Where do you see that? I see 4ohms bridged, but I haven't opened the manual.


----------



## chucko58 (Feb 7, 2015)

gijoe said:


> GM-D8604 - Class FD 4-Channel Bridgeable Amplifier | Pioneer Electronics USA
> 
> Where do you see that? I see 4ohms bridged, but I haven't opened the manual.


It's right there in the spec. Click the Specifications tab on the lower left. The amp has a continuous power rating at 1Ω of 125 W x 4. Below that, if you click on Main Features, you'll see the Load Impedance Allowance is 1-8 Ω.
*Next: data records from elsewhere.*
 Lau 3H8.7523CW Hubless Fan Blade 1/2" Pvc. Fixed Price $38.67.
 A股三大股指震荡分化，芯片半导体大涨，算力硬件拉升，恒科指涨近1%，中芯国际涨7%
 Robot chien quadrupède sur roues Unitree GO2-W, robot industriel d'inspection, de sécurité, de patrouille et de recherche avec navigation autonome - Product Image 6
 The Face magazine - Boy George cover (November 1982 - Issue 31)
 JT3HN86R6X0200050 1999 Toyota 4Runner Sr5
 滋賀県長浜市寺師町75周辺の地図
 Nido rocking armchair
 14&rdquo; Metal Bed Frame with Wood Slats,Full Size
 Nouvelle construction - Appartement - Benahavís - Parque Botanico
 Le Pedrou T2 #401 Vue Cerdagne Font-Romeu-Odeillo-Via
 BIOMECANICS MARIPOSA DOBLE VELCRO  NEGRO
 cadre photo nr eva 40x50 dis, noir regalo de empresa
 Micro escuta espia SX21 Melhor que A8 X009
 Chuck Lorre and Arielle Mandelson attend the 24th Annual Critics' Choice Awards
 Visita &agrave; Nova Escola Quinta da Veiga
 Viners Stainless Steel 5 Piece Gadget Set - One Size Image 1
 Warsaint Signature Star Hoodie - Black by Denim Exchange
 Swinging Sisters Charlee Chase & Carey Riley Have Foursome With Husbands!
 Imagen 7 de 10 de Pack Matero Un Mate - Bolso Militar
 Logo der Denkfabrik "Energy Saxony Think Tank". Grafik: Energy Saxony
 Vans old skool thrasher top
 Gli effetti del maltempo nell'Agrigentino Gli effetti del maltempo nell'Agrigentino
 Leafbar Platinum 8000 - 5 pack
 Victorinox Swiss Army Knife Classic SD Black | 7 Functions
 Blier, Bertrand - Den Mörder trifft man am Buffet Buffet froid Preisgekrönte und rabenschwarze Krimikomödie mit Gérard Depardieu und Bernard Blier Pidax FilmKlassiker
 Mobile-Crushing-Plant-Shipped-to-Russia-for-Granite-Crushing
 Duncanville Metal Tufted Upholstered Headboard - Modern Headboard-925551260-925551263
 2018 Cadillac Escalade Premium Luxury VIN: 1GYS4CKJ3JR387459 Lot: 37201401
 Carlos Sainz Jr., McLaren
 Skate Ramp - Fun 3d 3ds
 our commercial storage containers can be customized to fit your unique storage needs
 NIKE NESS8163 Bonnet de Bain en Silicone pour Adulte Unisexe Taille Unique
There could be some other wiring fault in the installation, but if it failed driving a 1Ω load, it should be returned under warranty.


----------



## plushterry (Jan 22, 2015)

I think you've probably ****ed it tbh mate. Seeing the spec sheet, it looks as if you can't run it bridged unless it's at 4 ohms.GM-D8604 Pioneer - Amplifier - Car Entertainment


----------



## AdrianR (Sep 19, 2014)

He has sent it back and is getting a new one. What would be the correct way to wire them?


----------



## gijoe (Mar 25, 2008)

I checked and the amp should have been fine at 2ohms bridged, so if you had them wired that way you shouldn't have had problems. I'm not sure what caused your problems, either you screwed something up, or you just got a bad amp. To avoid damaging the next amp make sure you follow the manual, there is a specific section on bridging two channels.


----------